L’humour était également au rendez-vous avec Francesco Grassi, ingénieur informaticien, qui s’est intéressé au phénomène des crop circles. Ces « cercles de culture » ou « agroglyphes » (en français) sont ces immenses dessins tracés dans des champs de céréales et dont la géométrie sophistiquée, visible du ciel, est attribuée par certains à des extraterrestres. Le présentateur illustre l’expérience de construction d’un magnifique crop circle dans un champ de la campagne britannique, construction réalisée en toute discrétion pour entretenir le mystère et laisser les « découvreurs » attribuer cette véritable œuvre d’art à des intelligences venues de l’espace. Une mode très amusante s’est ainsi développée en Grande-Bretagne dans les années 1980.
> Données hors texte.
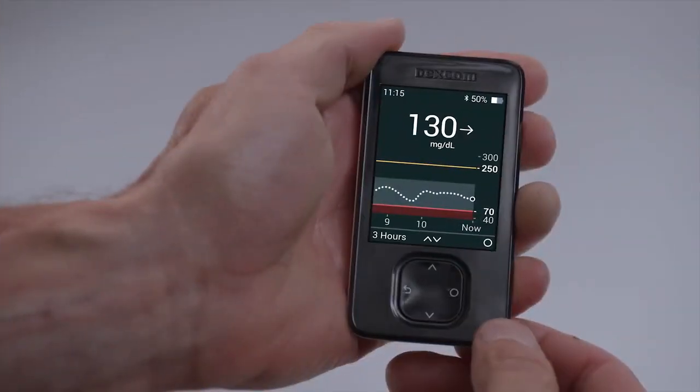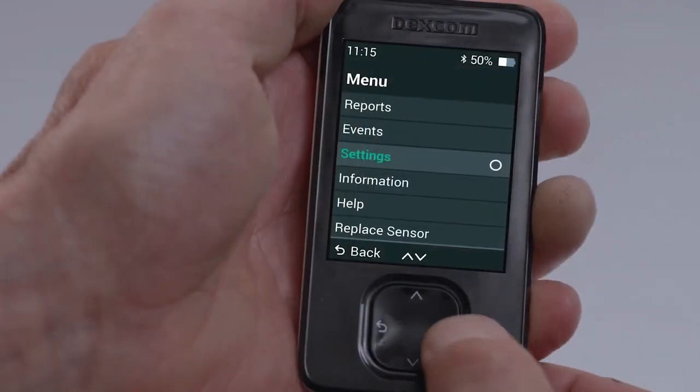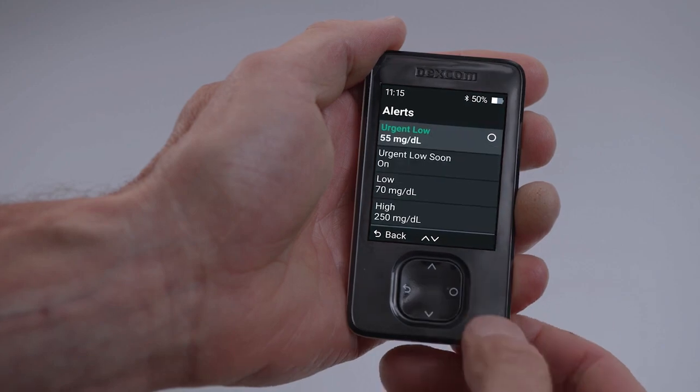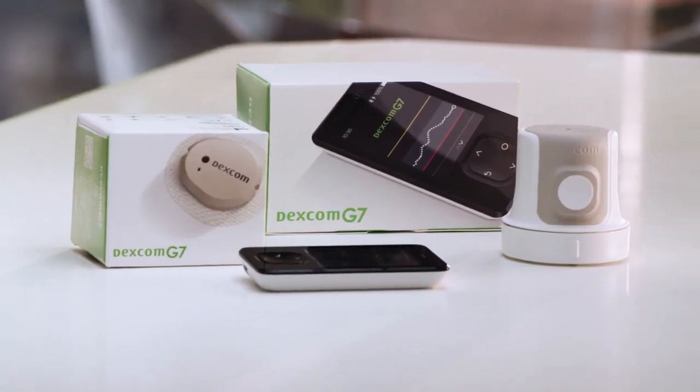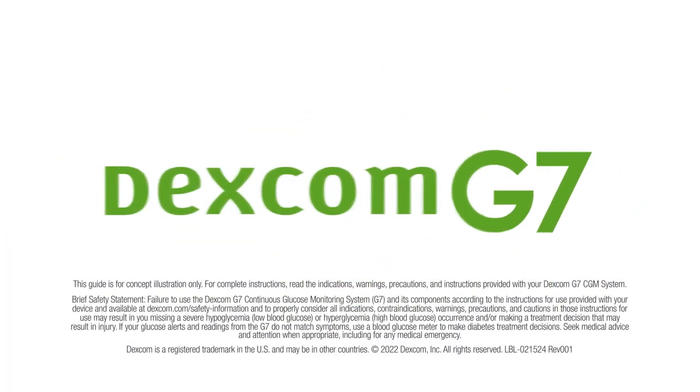The sensor warm-up timer lets you know when you'll start getting readings and alerts. After your warm-up, you will start getting readings and alerts. Remember, you can customize your alerts anytime under Menu, Settings, Alerts. That's it. You have successfully set up your Dexcom G7 receiver.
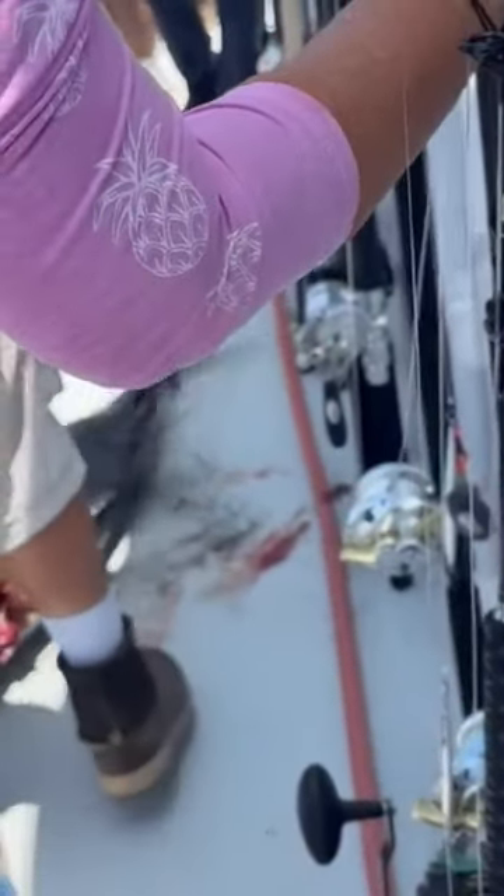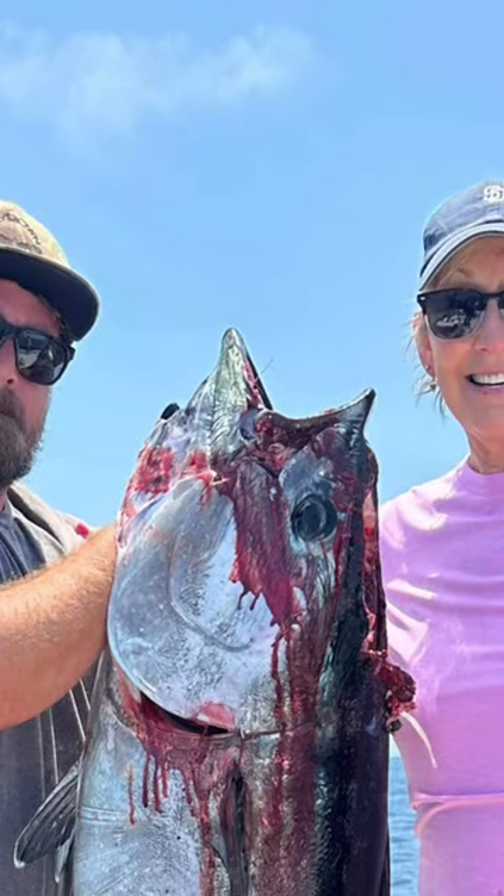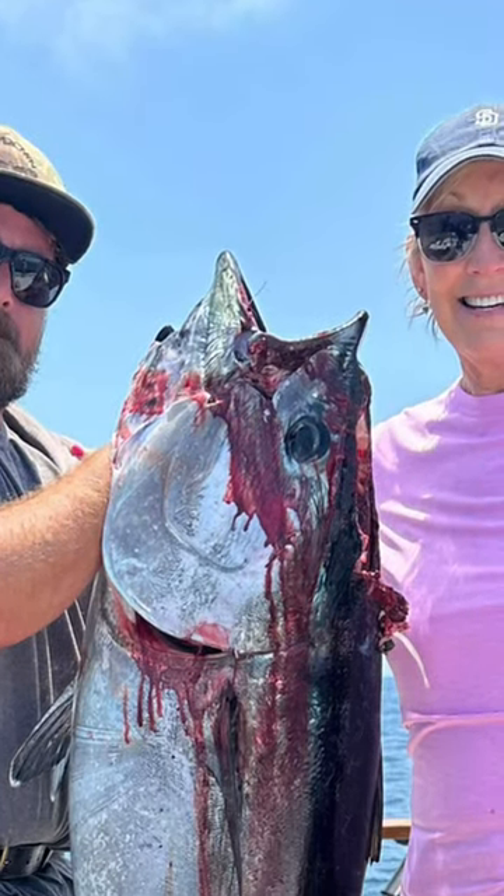That's wild. That's crazy. It's still alive. Absolutely wild. A previously gaffed bluefin tuna missing a big part of its head continues to feed and comes with a free knife jig on the Mission Bell. Wow.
Geerdt Magiels, biologiste et philosophe, traite d’un sujet plus préoccupant. Dans certaines conditions, la science peut venir heurter l’opinion des personnes quand celle-ci est fondée sur des valeurs personnelles ou des orientations politiques. Pour les scientifiques, tout est sujet à recherche, et tout peut être potentiellement remis en question. Pour la personne qui croit en une idéologie, il est difficile d’admettre que certaines convictions doivent être reconsidérées.

La conclusion du congrès revient à Elisa Palazzi, professeure en science climatique à l’université de Turin, qui explore le fossé entre la perception des individus, de l’opinion publique en général et des gouvernements, de la crise climatique au regard du consensus scientifique existant sur le sujet.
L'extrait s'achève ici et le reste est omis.